Why did I choose this doc?

So many reasons. Seriously. There’s no possible way to list all the reasons the NBA in the 1990s hits me in a way that few things can, but I’ll try.

I learned how to read by collecting basketball cards as a 4-year old. For real. I’d read the back of them and learn all of their stats. If you ever want to know that B.J. Armstrong went to Iowa and that he was 6-2, 175 pounds, I was your guy.

In the basement of my childhood home in the suburbs of Chicago, I had a Little Tikes hoop where I’d impersonate different NBA players. That is, until I got to kindergarten and graduated to the adult hoop … where I still imitated different NBA players.

Those ’90s Bulls teams were everything. Before every game, my brother and I turned off the lights in the living room and we had our parents introduce us as we ran in for the starting lineups, just like the Bulls. I still remember when I was in kindergarten and my mom stormed into the living room as she was on the phone with my dad at work, and she yelled “we got Rodman! We got Rodman!”
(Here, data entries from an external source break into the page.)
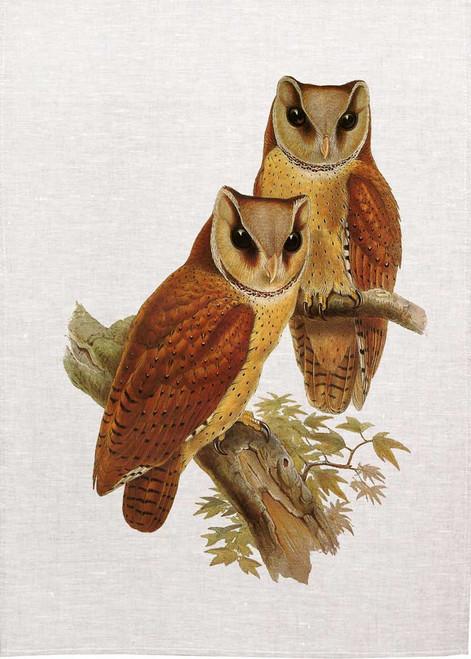 ORIENTAL BAY OWL, PHODILUS BADIUS,  by John Gould  printed on tea towel Made in Australia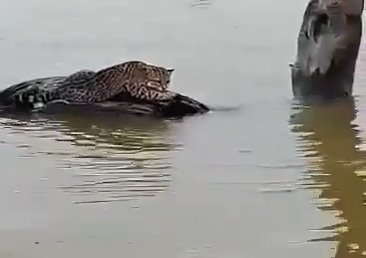 Captan a ocelote aferrado a árbol en presa ´Vicente Guerrero´ en Tamaulipas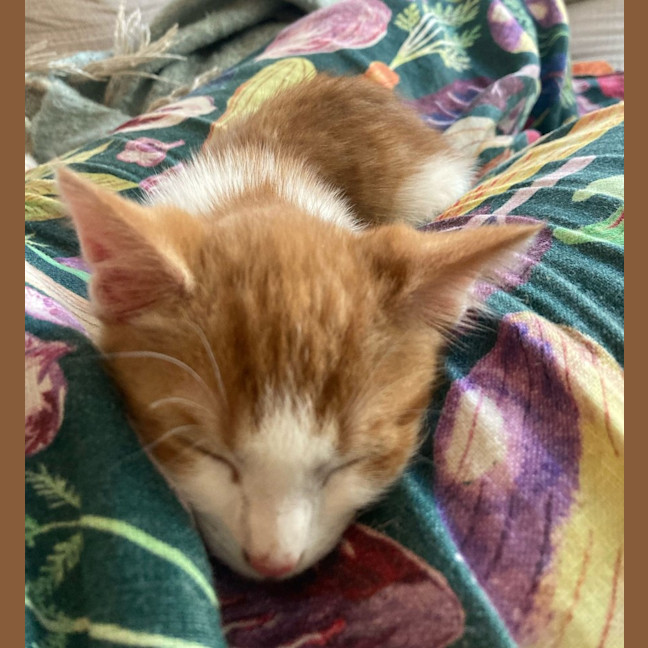 Photo of Moonstone * Meet Me At Petstock Engadine*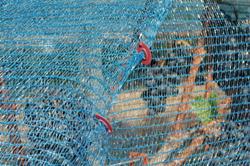 Vogelschutznetz mit Netzclip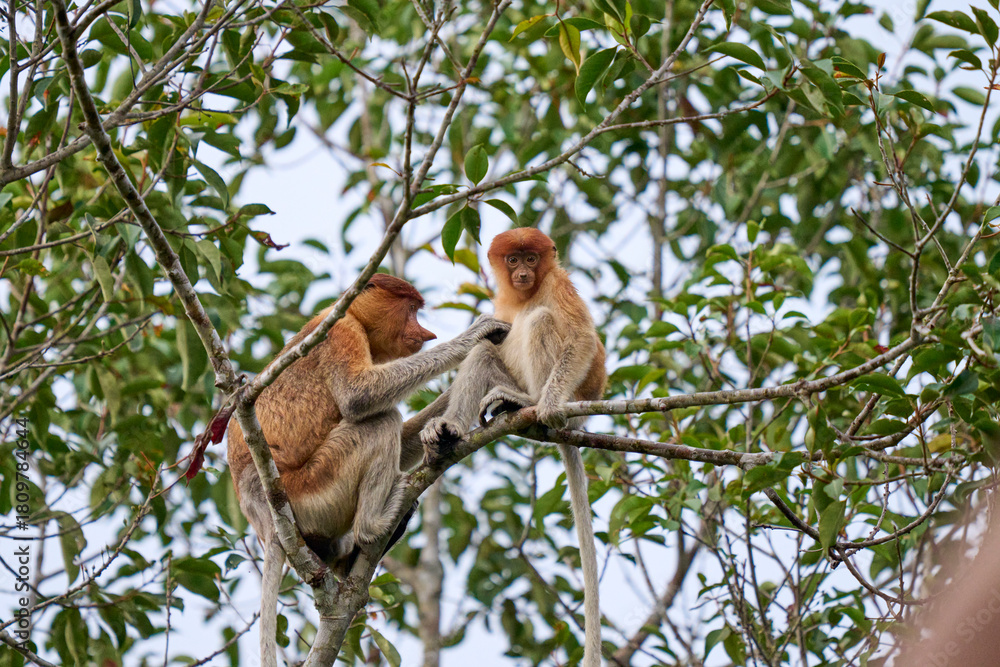 Fototapeta premium Nasalis larvatus in Tanjung Puting showing natural family behavior and life in the treetops of Borneo’s endangered rainforest.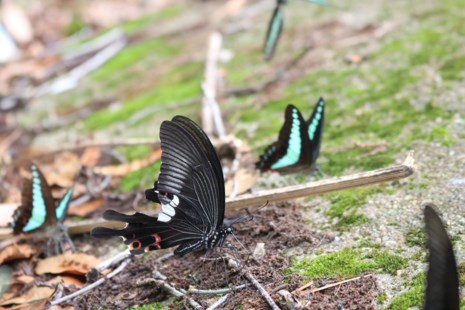 amp;#34;Thiên đường bướmamp;#34; đẹp mê hồn ở Đắk Lắk - 8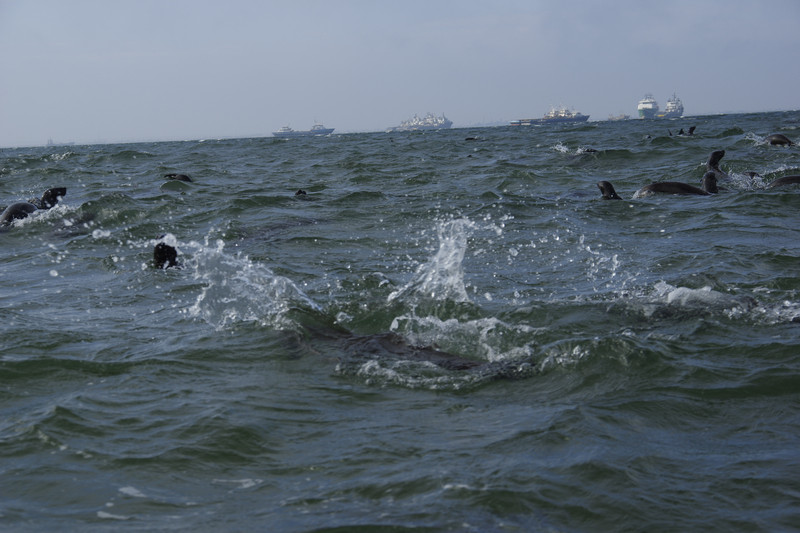 Zeehonden tijdens het kajakken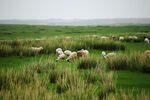 草原上的羊群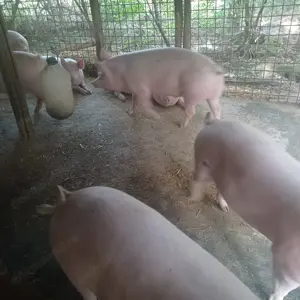 Vând porci grași greutate între 100 170de  kg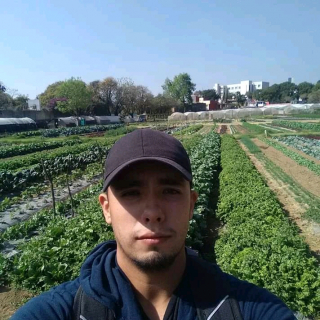 Jose Antonio Urias Amaro
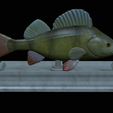 Perch-statue-11.png fish perch / Perca fluviatilis statue detailed texture for 3d printing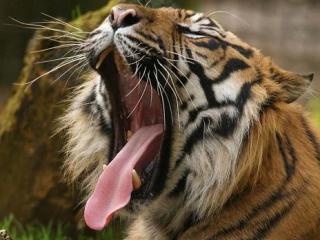 By-Bers Brillenhalter Zoo Eule Löwe Tiger Nashorn Panther Nilpferd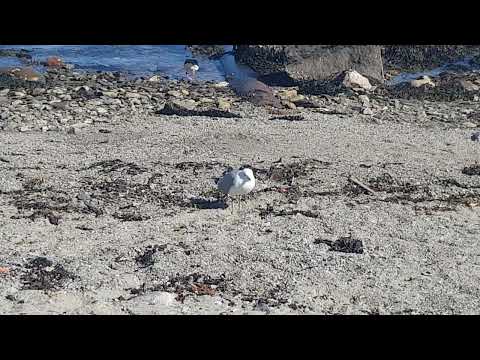 Common gull or sea mew walking along the beach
I’ll never forget being in 5th grade and getting to do a creative writing assignment on some historic event. Naturally, I chose the classic triple-overtime thriller that the Bulls actually lost in Game 3 of the 1993 NBA Finals. To that point, it was the first thing I ever did at school that I legitimately enjoyed doing. That assignment was why I wanted to become a sports writer.

My brother and I asked our parents to buy us all the basketball jerseys. We got some, but for the ones we couldn’t get, my mom would buy tank tops in that color, cut out letters and tape them on. I could rep a different Bulls player every day I walked into preschool. Boss, I know.

What does any of this have to do with the Magic?

While everyone I knew picked Michael Jordan as their favorite player, I’m pretty sure I loved Horace Grant as much as anything on planet earth. My mom bought me different pairs of goggles so I could imitate him on my hoop. That was back when I called his alma mater (Clemson), “Clem-Clem” and I pronounced his first name “Horith.”

When Horith — er, Horace — left the Bulls for the Magic after the 1993-94 season, I jumped on that bandwagon, too. I had one of his jerseys in every color. When he was carried on his teammates’ shoulders following the Magic’s 1995 Eastern Conference semifinals win against the Bulls, I still loved Horace (much to my brother’s chagrin). True story; I have an autographed picture of Grant that hangs in my office that I got when I was 7 years old. That’s my “if the place is burning down” item that I risk it all to grab (much to my wife’s chagrin).

The Magic became the other team that I rooted for. It wasn’t just Horace. It was Shaq and Penny. It was watching something that even a 5-year old in a different time zone couldn’t help but want to consume.

Oh, and I’ve also lived in Orlando for the past 5 years and consider myself a casual Magic fan as a 29-year old adult.

But enough about me.

3 things I liked

1. Loved how they used the pingpong ball effects to remind you of the luck

Directors Erin Leyden and Gentry Kirby did such a great job reminding the viewer how this whole thing took several different lucky bounces to play out the way that it did. That was such an important reason why the Magic’s rise occurred in such unprecedented fashion.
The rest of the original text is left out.